«– Но, мое милое дитя, то, что вы мне говорите…
   – Молодой человек, уверяю вас, господин Том!
   – Молодой человек? Здесь! Ах, бесстыдник! А какой у него вид?
   – У него вид… он не показался мне бесстыдником, сударь!
   – А как же иначе назвать его?… подумать только! пробраться сюда…
   – Быть может, это кто-нибудь из ваших знакомых?
   – Кроме меня и моего племянника, здесь никого не могло быть.
   – Я думаю все-таки, что это был он… – тихо сказала она, опустив глаза.
   – Он? да я сию минуту оставил его внизу, в его комнате… А разве вы знаете моего племянника?»
   Наступила пауза, показавшаяся мне вечностью.
   «Вы краснеете, милое дитя! Поверьте: вы могли встретить не такого порядочного, не такого вежливого молодого человека… Но скажите, откуда вы его знаете?…
   – Сударь… вы сказали, что он живет в комнате под вами. Я видела его несколько раз у окна… вот этот самый молодой человек и встретил меня здесь.
   – Это невозможно, говорю вам. Да, конечно, вы видели моего племянника у окна: он всю свою жизнь проводит у окна. Но мой милый Жюль на этот раз ни при чем. Он не мог пробраться сюда, и я вам скажу почему. Вчера, около девяти вечера этот ветрогон взобрался на возвышение, которое он соорудил на столе, не пойму для какой цели, разве только он захотел выкинуть штуку, заглянув в больничную палату напротив (тут молодая девушка, смутившись еще больше, повернула голову в мою сторону, чтобы скрыть от дядюшки краску, залившую ее лицо). А потом я вдруг услышал страшный шум и треск! Я прибежал и увидел Жюля на полу в таком состоянии, что сразу уложил его в постель, он лежит еще и сейчас… Но позвольте, вот что я подозреваю. За молодой особой с вашей внешностью часто ходят по пятам молодые люди… Кто-нибудь из них, V наиболее дерзкий… вы меня понимаете… мог опередить вас. Не надо стыдиться, дочь моя, не надо стыдиться того, что вы так хороши собой… Ну оставим этот разговор, если он вас так смущает. В другой раз я буду лучше запирать дверь. Поговорим о другом. Вы принесли мою книгу! Что вы скажете об этом тексте? Ну хорошо! Положите книгу вот сюда и подождите минутку. Я хочу… подождите».

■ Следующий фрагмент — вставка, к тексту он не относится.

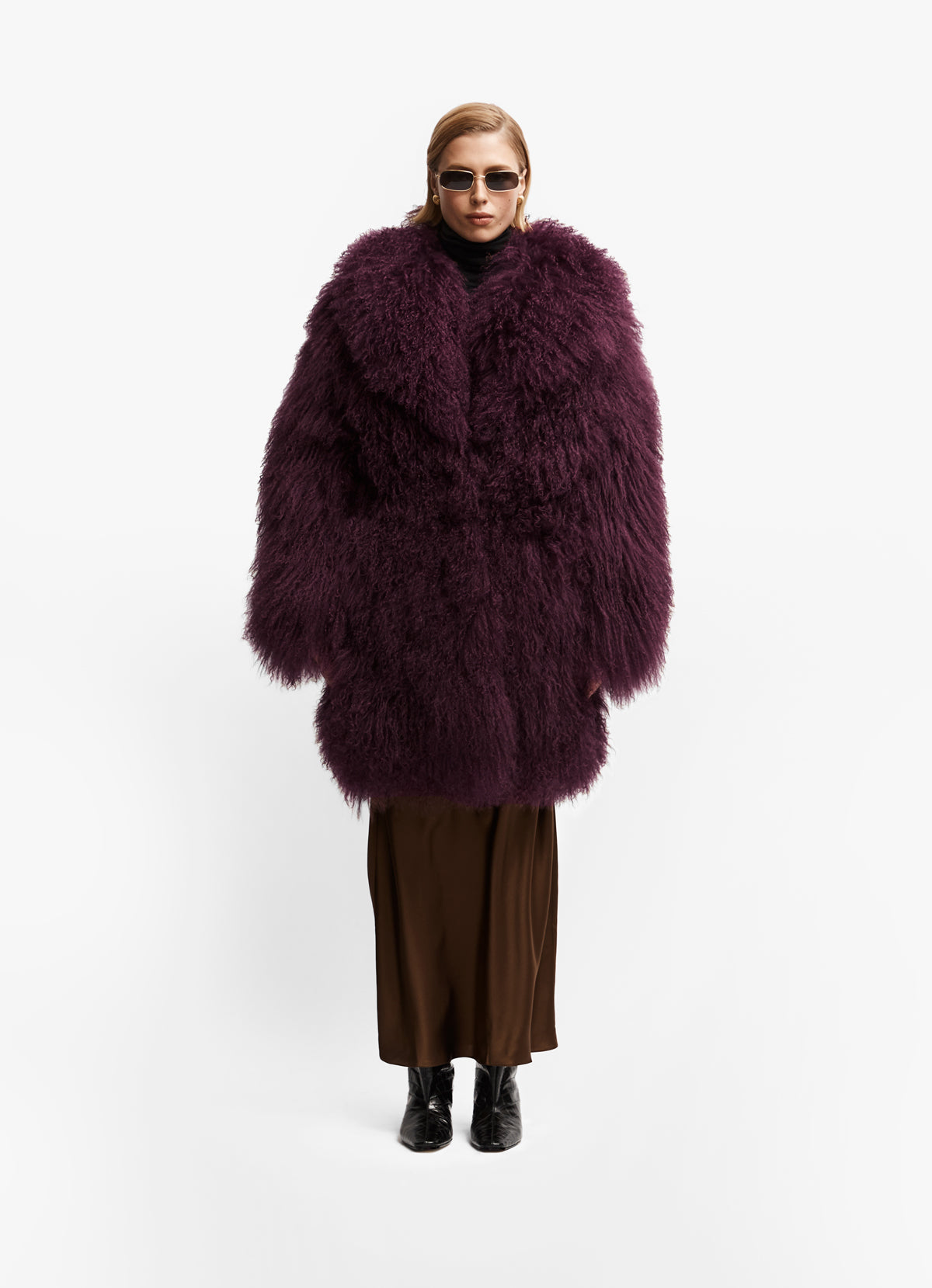 Model front facing wearing long length burgundy mongolian wool coat with collar.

   И он вошел в кабинет, смежный с библиотекой. Я задрожал, ибо этот кабинет, обычно запертый, сообщался с моей комнатой внутренней лестницей.
   Я остался с ней наедине. Я был единственным свидетелем, видевшим ее в эти минуты, и мне казалось, что благодаря бесценному дару судьбы, я словно приобщился к ее тайне. В ее чертах, в ее позе, во всех ее движениях мне чудилось нечто подобное тому, что испытывал я сам. О полные загадочности минуты! О минуты блаженного покоя, когда сердце вновь обретает наяву то, что привиделось ему во сне!
   Впервые я видел ее так близко, и я упивался ее очарованием. О почему я не могу обрисовать в этих строчках ее образ таким, каким он мне явился тогда. Мне казалось, что библиотека дяди Тома была чудесной рамкой, оттенявшей ее блистательную красоту. Мудрые книги на пыльных полках, запечатлевшие в себе вереницу веков, аромат старины, тишина ученых занятий, и среди всего этого – весенний цветок, полный свежести и жизни… Возможно ли это выразить словами?
   Она довольно долго стояла, потом подошла к окну и села в дядюшкино кресло. Опершись щекой на свою прелестную ручку, она задумчиво и грустно смотрела на небо, и легкая улыбка мелькала у нее на губах. Потом она рассеянно взглянула на раскрытый фолиант, брошенный дядей на столе. Мало-помалу книга приковала ее внимание, и на ее лице, покрывшемся ярким румянцем, появилось выражение живого интереса. «Нашел!» – послышался голос дяди Тома. Она встала, но не отрывала глаз от книги, пока дядя не вошел в комнату.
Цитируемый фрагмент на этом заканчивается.